Feuer im Dachgeschoss, Rauchentwicklung, eine verletzte Person. Stadtbrandinspektor Gregor Fanroth informiert den Einsatztrupp über die Lage. Dann muss alles schnell gehen.

Heusenstamm – Auf den Ernstfall, der am Donnerstagabend nur geübt wurde, müssen sich die Brandschützer der Feuerwehr Heusenstamm vorbereiten. Wenn tatsächlich ein Notruf eingeht, muss jeder Handgriff sitzen. Regelmäßig trainieren sie darum, was je nach Gefahrenlage zu tun ist. Einmal im Jahr veranstaltet die Feuerwehr Heusenstamm dann auch eine groß angelegte Übung, bei der Einsatz- und Jugendabteilung gemeinsam antreten. „Für die Jungen ist das toll, wenn sie mal bei den Großen dabei sein können“, sagt Feuerwehrsprecher Steffen Ball. „Und für uns auch, das ist schließlich unser Nachwuchs.“

Es ist 19.30 Uhr, mehr als 40 Feuerwehrleute, die Jüngste zehn, der Älteste 58 Jahre alt, sind anwesend. Für den gemeinsamen Übungseinsatz teilt die stellvertretende Wehrführerin Katrin Rebell sechs gemischte Gruppen ein. Der Nachwuchs soll von Wissen und Routine der geübten Einsatzkräfte profitieren. „Denkt dran: Groß hilft Klein“, sagt Katrin Rebell.

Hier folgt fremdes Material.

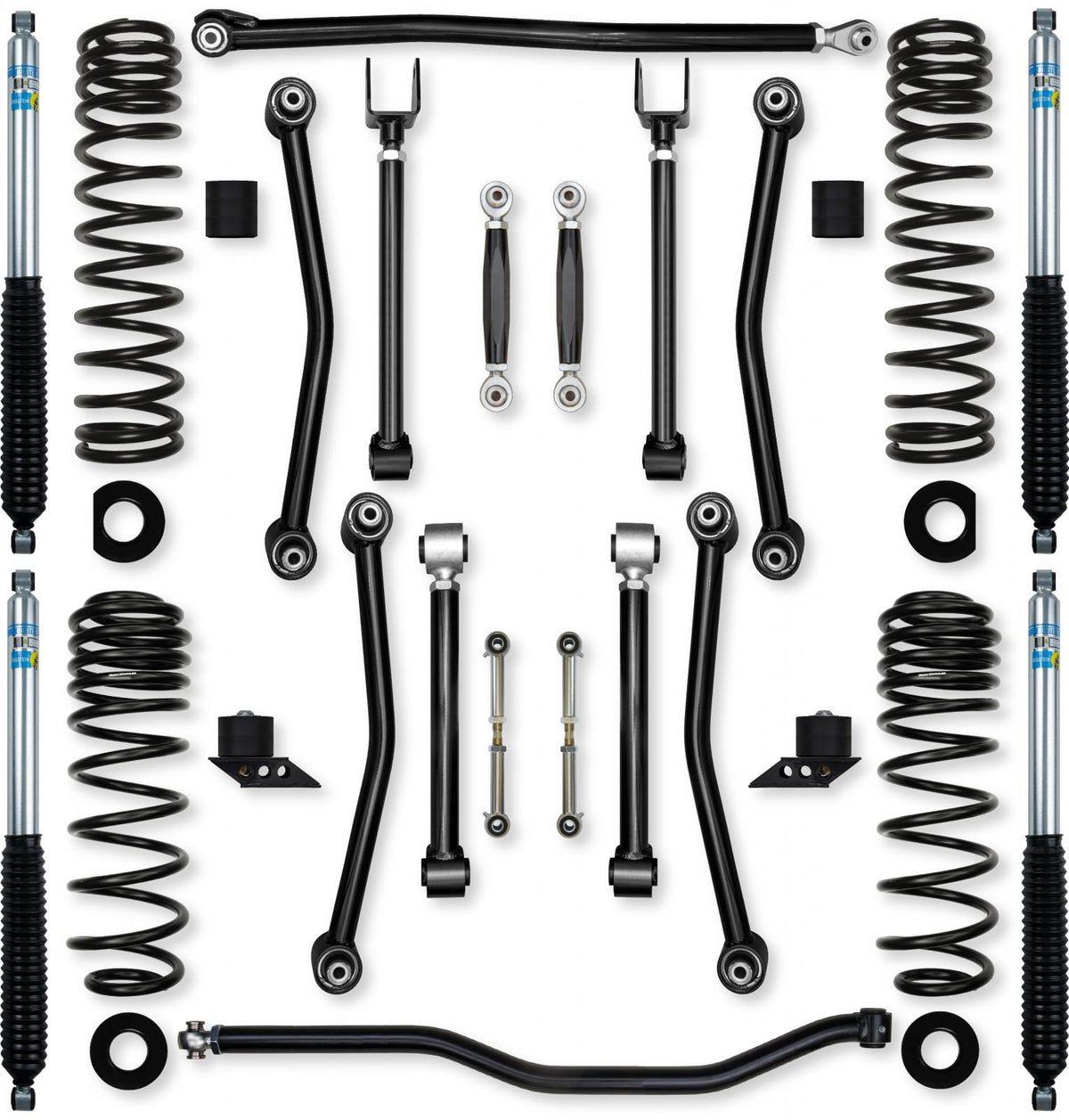 2.5 Inch Ultimate Adventure No Limits Mid-Arm Suspension System for Jeep Wrangler JLU 392 Models With Bilstein Shocks Rock Krawler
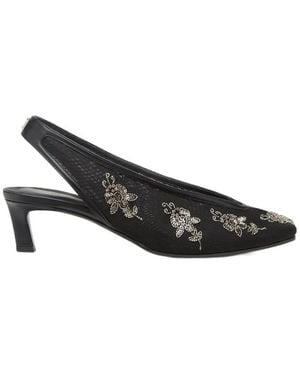 Fendi Slingbacks Embroidered Pumps - Black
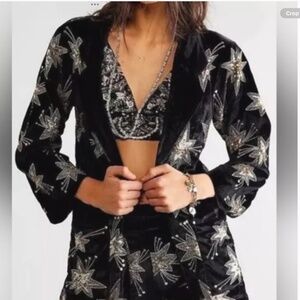 Lenni the Label Chromatic Black Sequin Blazer NWT Small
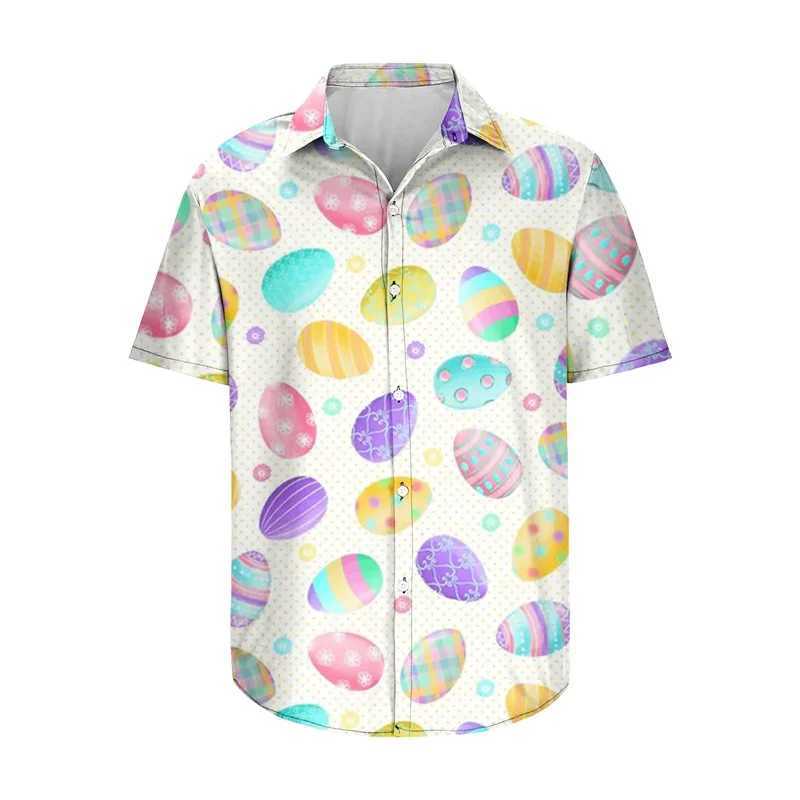 Men's Casual Shirts Men Women Easter Hawaiian Shirt Happy Short Sleeve Cuban Collar Button-Down Tops For 240417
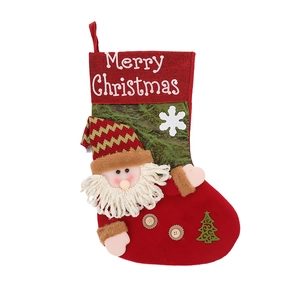 Calza natalizia con Babbo Natale 3D e ricamo Merry Christmas per regali e dolciumi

Drei Stationen muss jede Gruppe am Donnerstagabend durchlaufen. An einer gilt es, bei Feuerwehr-Activity Begriffe rund um die Brandbekämpfung zu erraten, die unter anderem pantomimisch dargestellt, gemalt oder erklärt werden. Eine weitere Aufgabe, der sich die Brandschützer stellen müssen, ist das Löschen eines Feuers mithilfe einer Tragkraftspritze, von Feuerwehrleuten selbst nur TS genannt. Die Pumpe, die nicht in einem Einsatzfahrzzeug verbaut ist, sondern zum Einsatzort getragen werden muss, kommt in Heusenstamm kaum zum Einsatz. „Eigentlich nur zu Übungszwecken“, sagt Steffen Ball. Wie eine TS zu handhaben ist, müsse aber trotzdem jeder wissen. Gerade bei der Jugend sei es wichtig, die Grundregeln zu vermitteln.

Lagebesprechung: Gruppenführer Dominik Ohlig plant mit seiner Truppe den Einsatz.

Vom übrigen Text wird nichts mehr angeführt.